FR2667587A1 - Ternary molybdenum chalcogenide materials deposited on support - are prepd. as catalysts for oxy-chloration of hydrocarbon cpds., by reducing mixt. of molybdenum an metal using hydrogen@ - Google Patents

Abstract

Chalcogenides (I) of formula MxMO6Se; x = integer of 0-4; M = metal; deposited on a support, are claimed. (A) Prepn. of (I) by (1) inserting M in Mo6Se in presence of current of gas, or (2) reducing mixt. of MoS2 and a metal M, or their precursors, using H2. (B) Prepn. of (I) on support by redn. with H2 of porous support impregnated with MoS2 and M or their precursors, partic. with such support prepd. starting from Ni-Mo-S or Co-Mo-S alloys deposited thereon, opt. as hydrodesulpuration catalyst. USE/ADVANTAGE - Catalyst in oxychloration of hydrocarbons, partic. of ethylene to 1,2-dichloroethane (II) which is then pyrolysed to vinyl chloride, HCl as co-prod. being recycled to oxychloration process. (I) have greater mechancial resistance than conventional oxychloration catalysts (III) (Cu on porous support such as alumina), and give, partic. when mixed with (III), improved conversion and selectivity compared with (III). (Dwg.0/0)

Description

 The present invention relates to oxychlorination catalysts based on ternary chalcogenides of molybdenum. 1,2-Dichloroethane (D 12) is a product produced industrially at a rate of several million tons per year, which by pyrolysis gives vinyl chloride monomer (VCM) and hydrochloric acid (HCl). VCM is polymerized into poly (vinyl chloride) (or PVC) plastic material commonly used. The HCl obtained by pyrolysis is separated from the VCM and is then contacted with ethylene and oxygen in the presence of a catalyst to give D 12, the oxychlorination reaction. This reaction is very general and can be done with most hydrocarbons.

Oxychlorination has been described in numerous patents, in particular in FR 2 063 365, FR 2 260 551 and FR 2 242 143,
FR 2 213 259 and FR 2 125 748. The catalyst consists of a copper salt deposited on powdered alumina.

 A new oxychlorination process has now been found in which the catalyst is a ternary chalcogenide of molybdenum containing copper.

The present invention is therefore a process for the oxychlorination of a hydrocarbon to form a chlorinated hydrocarbon in which the hydrocarbon, an oxygen-containing gas and gaseous hydrochloric acid pass over a feed comprising a ternary chalcogenide of molybdenum containing copper and formula:
Cux Mo6 Ch8 where x is any number between 0 and 4 and Ch represents sulfur, selenium or tellurium.

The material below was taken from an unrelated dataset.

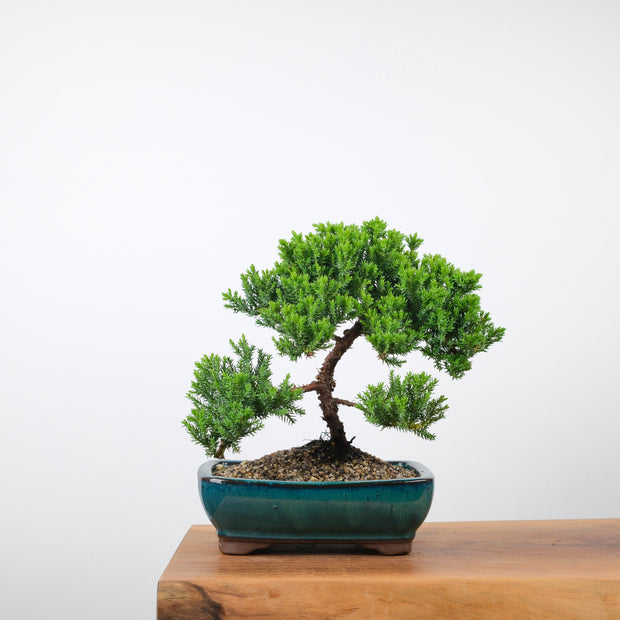 Japanese Juniper (6 Years)-Simply Bonsai-[Bonsai NZ]-[Buy bonsai NZ]-[Bonsai Tree NZ]-Simply Bonsai NZ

 These chalcogenides may be pseudo-molecular compounds based on the Mog Ch8 motif which constitutes a host network with a rigid structure, developing intersecting channels in the three dimensions in which Cu cations are housed.

 These pseudo-molecular phases can also be presented as several nested networks: a network of metal atoms (the Mo6 octahedron) inscribed in a pseudo-cubic anionic network of chalcogen ("cube" Ch8), finally a network of tunnels that develop between Mo6 Ch8 patterns.

These tunnels are then occupied by Cu cations that stabilize the structure. These chalcogenides crystallize in the hexagonal-rhombic system.

 These chalcogenides are usually used in the form of powders or granules.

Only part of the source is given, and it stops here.